VMware Cloud Community
ssloh
Contributor
Contributor

VMware EMC SRDF cross site-standby

Hi folks,

Trying to draft our a DR solution for VMware, hope to get some clue here.

Environment Setup

Site 1

ESX server1 with vm1 and vm2 virtual machine running on LUN1 (EMC box1)

Site 2

ESX Server 2 with vm3 and vm4 virtual machine running on LUN2 (EMC box2)

Site1 LUN1 is replicated to Site2 using SRDF

Site2 LUN2 is replicated to Site1 using SRDF

Questions

1. Solution for VHA ESX1 to ESX2 if ESX1 failed ?

2. Solution for VMotion vm1 from ESX1 to ESX2 ?

3. Solution if Site1 failed, will Site2 overtake all vm and up automatically ?

Thanks.

0 Kudos
5 Replies
nzsteve
Enthusiast
Enthusiast

If I understand correctly youre looking to use vmotion and HA accross different sites? unless you have great network between them then probably not the way to do it.

If your config is bigger than 2 ESX servers and 4 VMs youve oulined (I'm guessing you've simplified your config), you should look at the upcoming site recovery manager. http://www.vmware.com/vmworldnews/srm.html.

steve

0 Kudos
kjb007
Immortal
Immortal

With your setup:

I'm assuming that both hosts are using the same VC.

Also, as I understand, the replicated SRDF LUN is not read-write, but read-only, so you will need intervention to mark the alternate site copy as read-write.

1. HA requires good network connectivity between the two sites as HA keeps constant communication between the nodes in the custer. If you lose connectivity, the node which can not communicate with the other nodes will by default shut down its vm's, which in your case would be both ESX hosts, and all your VM's will be shut down waiting for remaining hosts to pick them up.
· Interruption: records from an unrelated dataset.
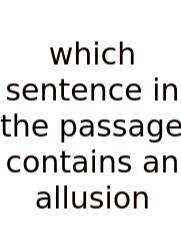 Which Sentence In The Passage Contains An Allusion
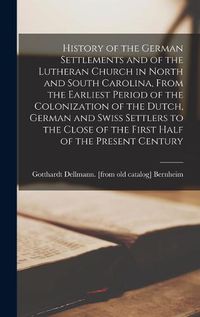 Cover image for History of the German Settlements and of the Lutheran Church in North and South Carolina, From the Earliest Period of the Colonization of the Dutch, German and Swiss Settlers to the Close of the First Half of the Present Century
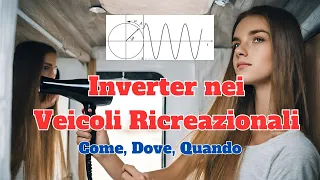 INVERTER nei Veicoli Ricreazionali - Come, Dove, Quando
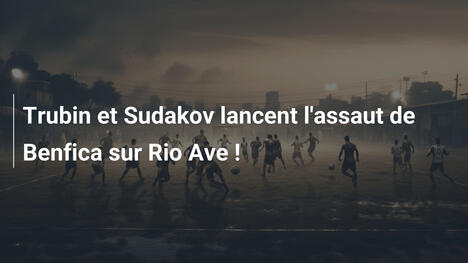 Trubin et Sudakov lancent l'assaut de Benfica sur Rio Ave !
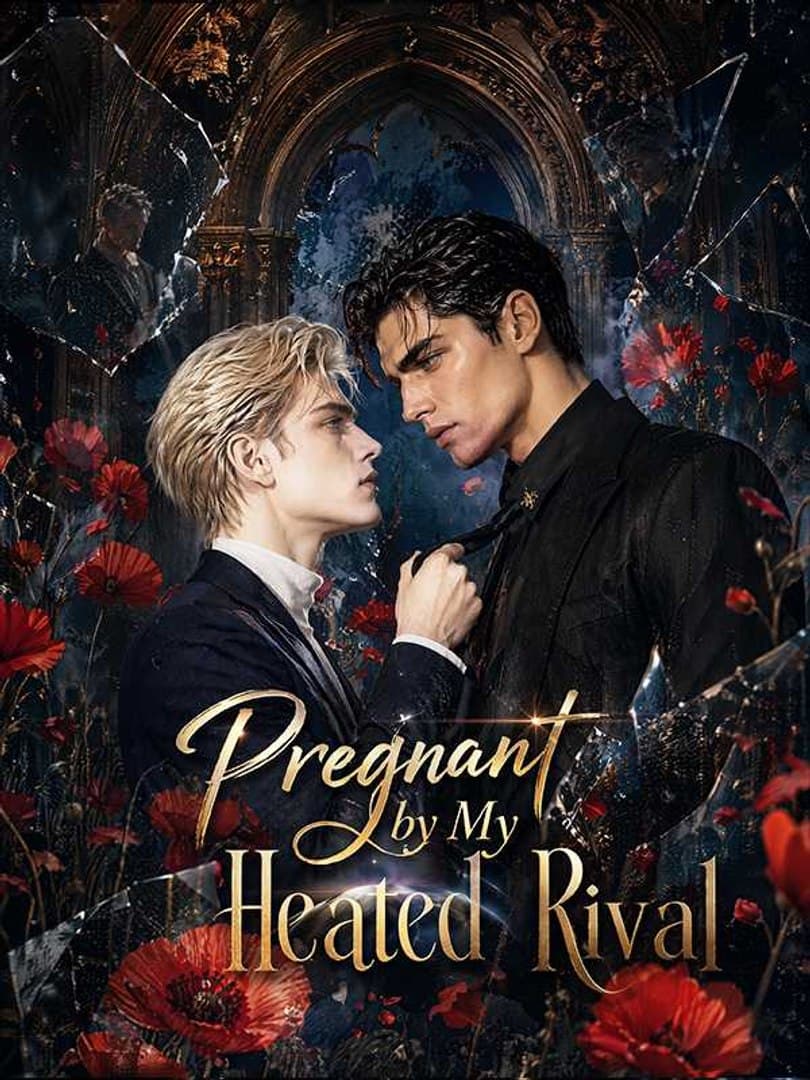 Pregnant by My Heated Rival BL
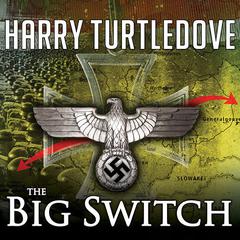 The War That Came Early: The Big Switch Audiobook, by Harry Turtledove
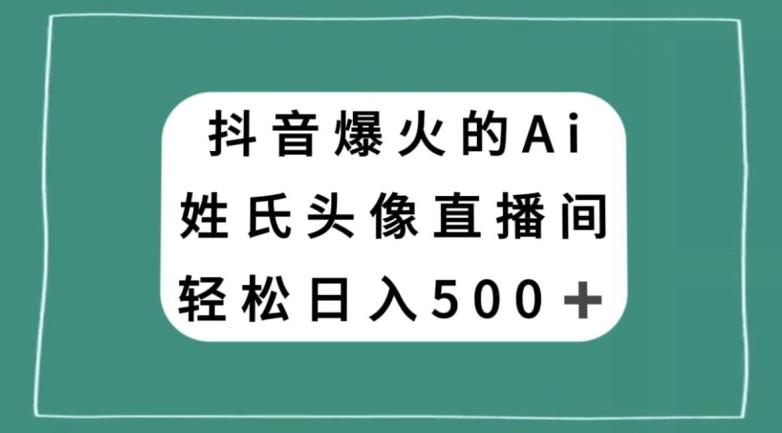 抖音爆火的AI姓氏头像直播，轻松日入500＋-卿云社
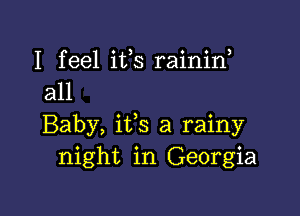 I feel ifs rainid
all

Baby, ifs a rainy
night in Georgia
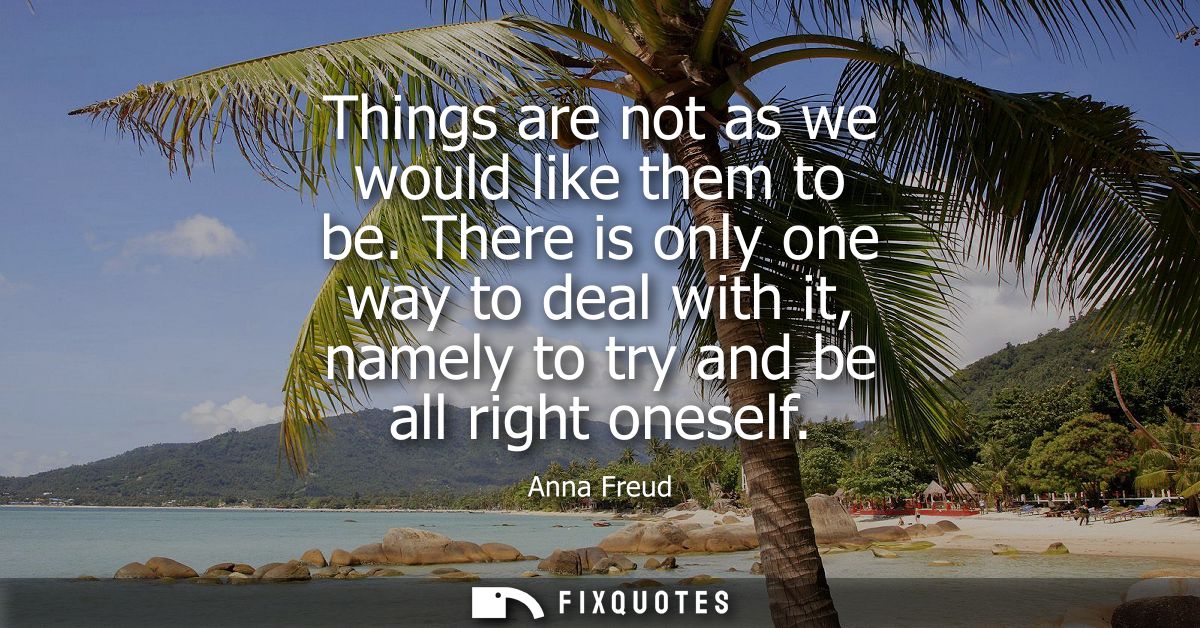 Things are not as we would like them to be. There is only one way to deal with it, namely to try and be all right onesel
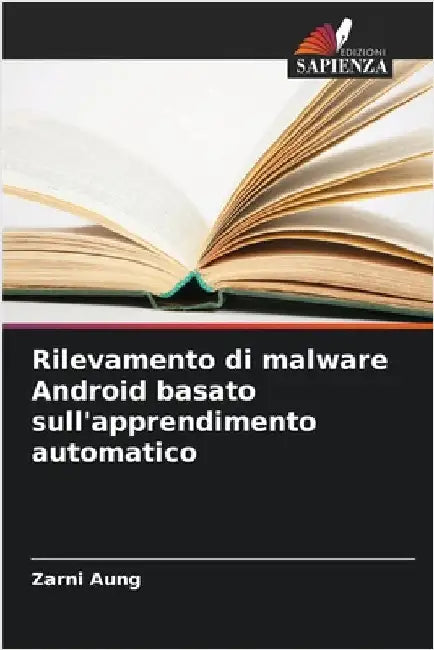Rilevamento di malware Android basato sull'apprendimento automatico by Zarni Aung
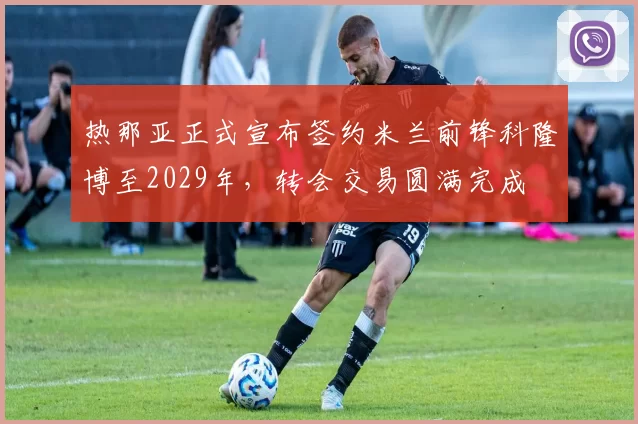 热那亚正式宣布签约米兰前锋科隆博至2029年，转会交易圆满完成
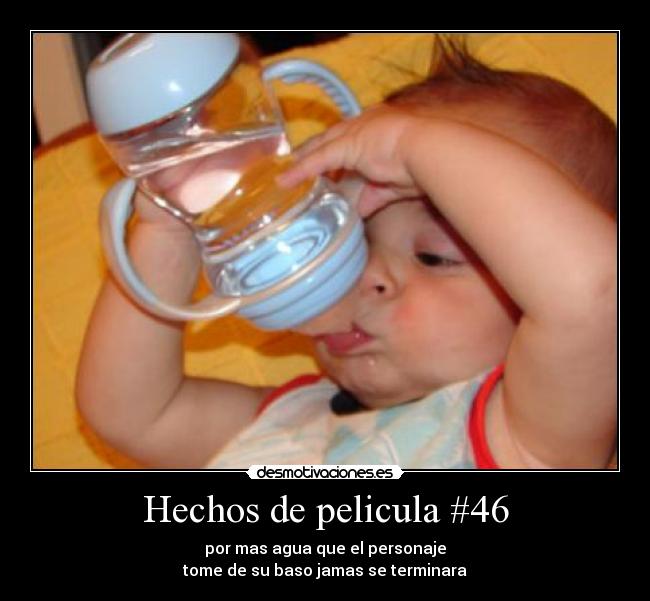 Hechos de pelicula #46 - por mas agua que el personaje
tome de su baso jamas se terminara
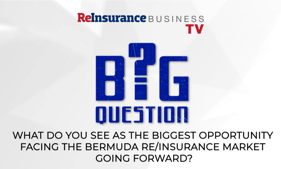What's the biggest opportunity facing the Bermuda re/insurance market going forward?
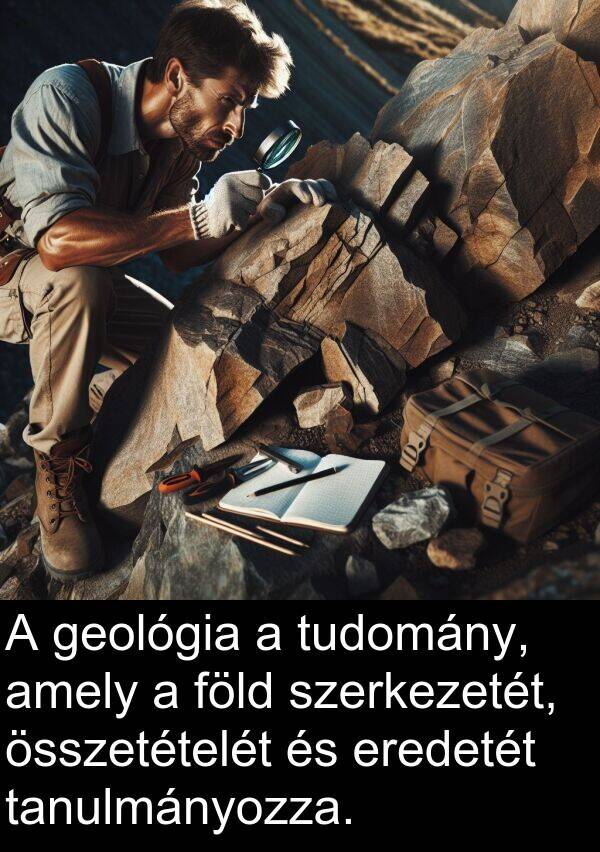 összetételét: A geológia a tudomány, amely a föld szerkezetét, összetételét és eredetét tanulmányozza.
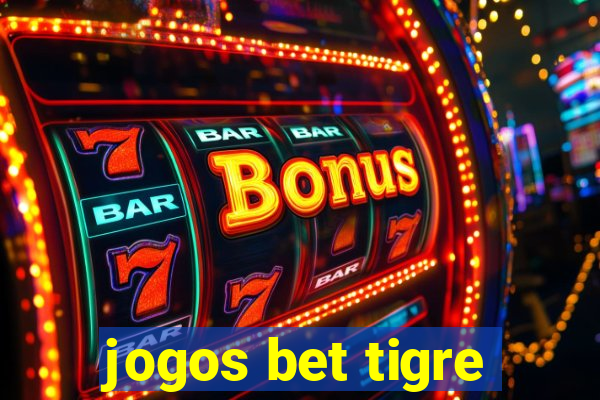 jogos bet tigre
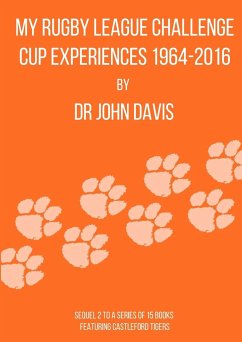 My Rugby League Challenge Cup Experiences 1964-2016 - Davis, John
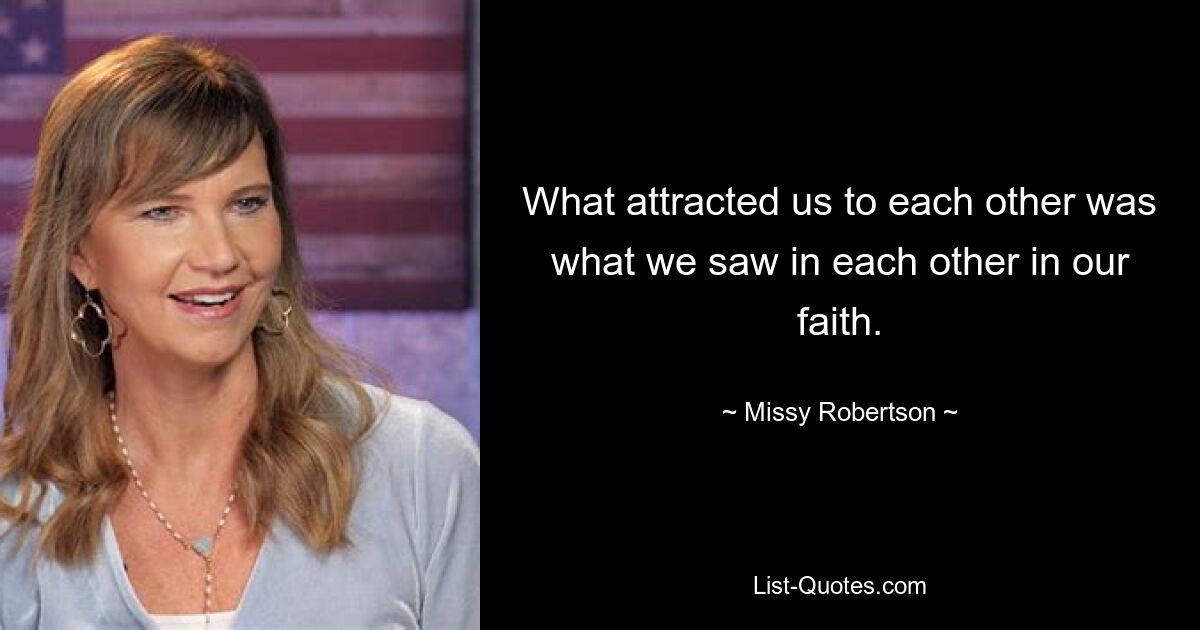 What attracted us to each other was what we saw in each other in our faith. — © Missy Robertson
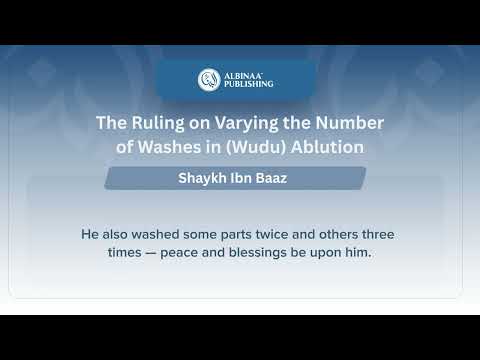 The Ruling On Varying The Number Of Washes In Ablution Wudu Shaykh Ibn Baaz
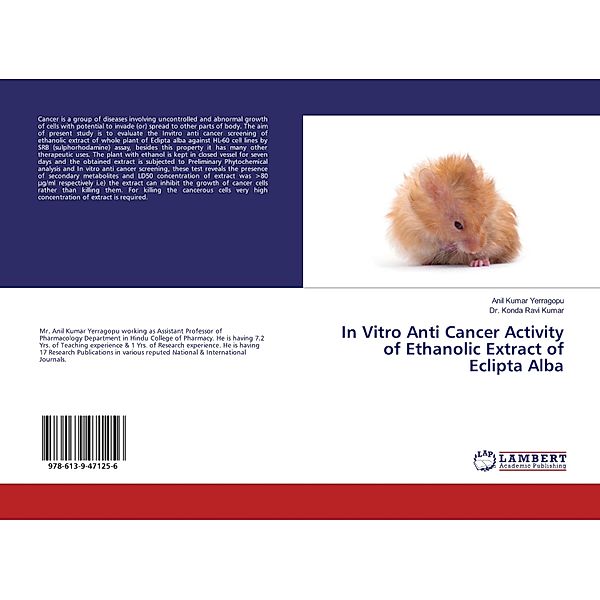 In Vitro Anti Cancer Activity of Ethanolic Extract of Eclipta Alba, Anil Kumar Yerragopu, Konda Ravi Kumar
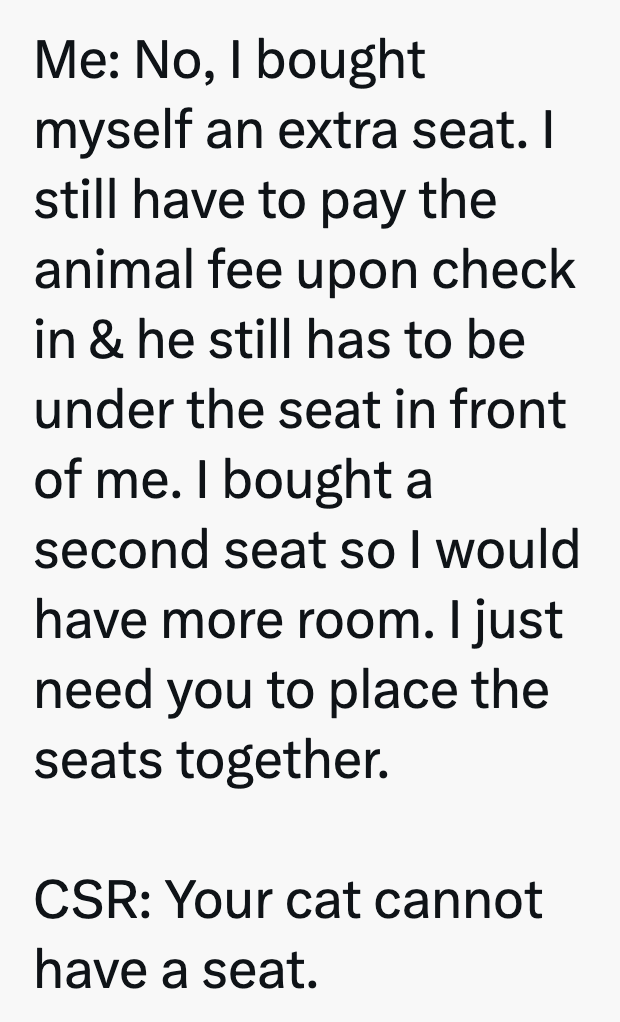 Me: No, I bought myself an extra seat. I still have to pay the animal fee upon check in & he still has to be under the seat in front of me. I bought a second seat so I would have more room. I just need you to place the seats together. CSR: Your cat cannot have a seat.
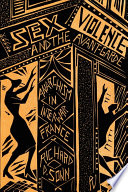 Sex, violence and the avant-garde : anarchism in interwar France / Richard D. Sonn.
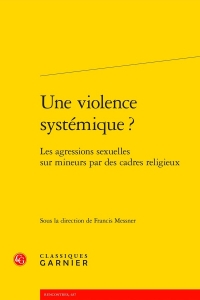 Une violence systémique ? - les agressions sexuelles sur mineurs par des cadres: LES AGRESSIONS SEXUELLES SUR MINEURS PAR DES CADRES RELIGIEUX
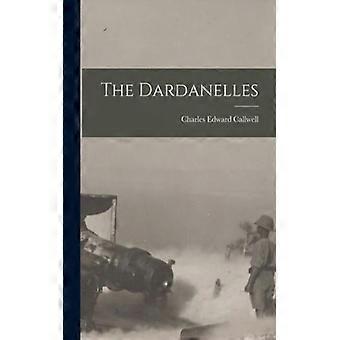 The Dardanelles - Charles Edward Callwell - Paperback - English Book - History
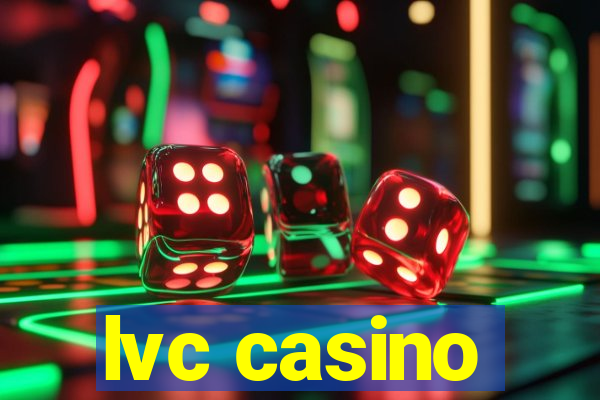 lvc casino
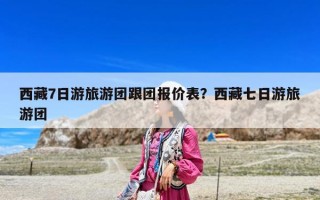 西藏7日游旅游團跟團報價表？西藏七日游旅游團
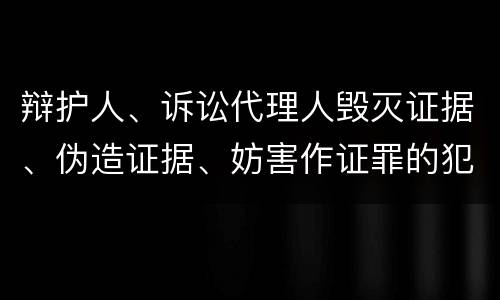 辩护人、诉讼代理人毁灭证据、伪造证据、妨害作证罪的犯罪构成要素是哪些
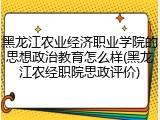 黑龙江农业经济职业学院的思想政治教育怎么样(黑龙江农经职院思政评价)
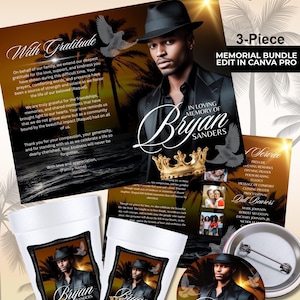 May include: A memorial bundle featuring a portrait of a person in a black hat, with text "In Loving Memory of Bryan Sanders." The set includes a flyer, two cups, and a button, all with the same design. The theme is a memorial service.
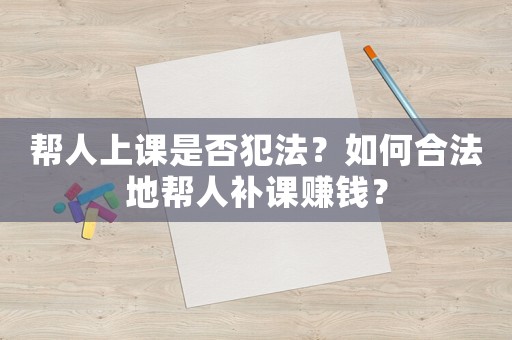 幫人上課是否犯法？如何合法地幫人補(bǔ)課賺錢？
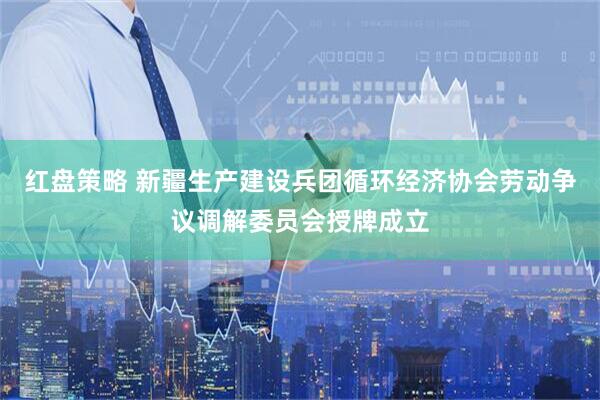 红盘策略 新疆生产建设兵团循环经济协会劳动争议调解委员会授牌成立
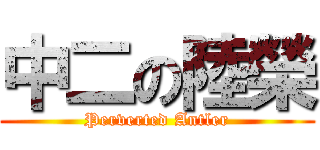 中二の陸榮 (Perverted Antler)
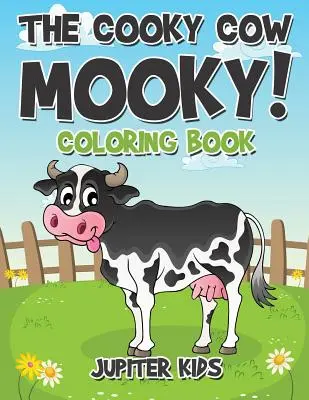 Kravička Mooky! Kniha na vyfarbovanie - The Cooky Cow Mooky! Coloring Book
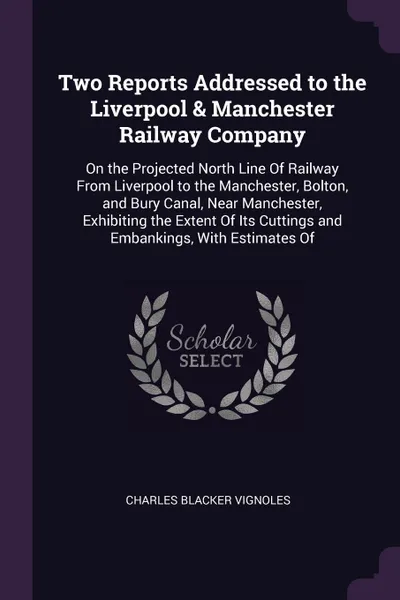 Обложка книги Two Reports Addressed to the Liverpool & Manchester Railway Company. On the Projected North Line Of Railway From Liverpool to the Manchester, Bolton, and Bury Canal, Near Manchester, Exhibiting the Extent Of Its Cuttings and Embankings, With Estim..., Charles Blacker Vignoles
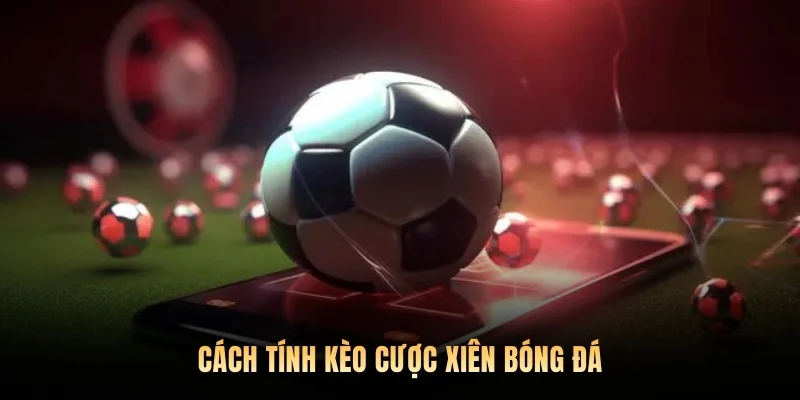 Cách tính kèo cược xiên bóng đá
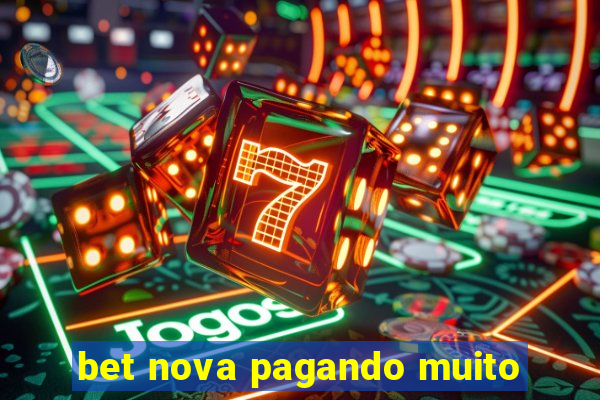 bet nova pagando muito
In this scenario, you will have to use alternate addresses for HA to ping to verify you're still up and running, but then you still have not overcome the shared storeage read-write problem.

2. VMotion requires gigabit network, so unless you have an OC-24 or better, then you will not be able to successfully VMotion, which means DRS is also out of the picture. If you do have a fast enough pipe, then as Steve mentioned, your network will also have to be similar, or else named similarly, which may require you to setup NAT'ing and or RE-ip'ing.

3. You can still use your scenario, but without Site Recovery manager, it will not be automated. You can have individual ESX hosts in both sites, and have those LUNs available to the standby nodes. Those LUNs should be made available in read-write upon a recovery scenario, which the ESX hosts can rescan and find in that situation. At that point, you will have to have a script or some other means to register the VMs with the new ESX host and change networking as required.

Pretty much all of the manual tasks in step 3 is what Site Recovery Manager does in an automated fashion.

Hope that helps.

-KjB

vExpert/VCP/VCAP vmwise.com / @vmwise -KjB
0 Kudos
dtux101
Enthusiast
Enthusiast

So if I understand, ESX1 has LUN1 in R1 mode and LUN2 in R2 mode and ESX2 sees LUN1 in R2 mode and LUN2 in R1 mode?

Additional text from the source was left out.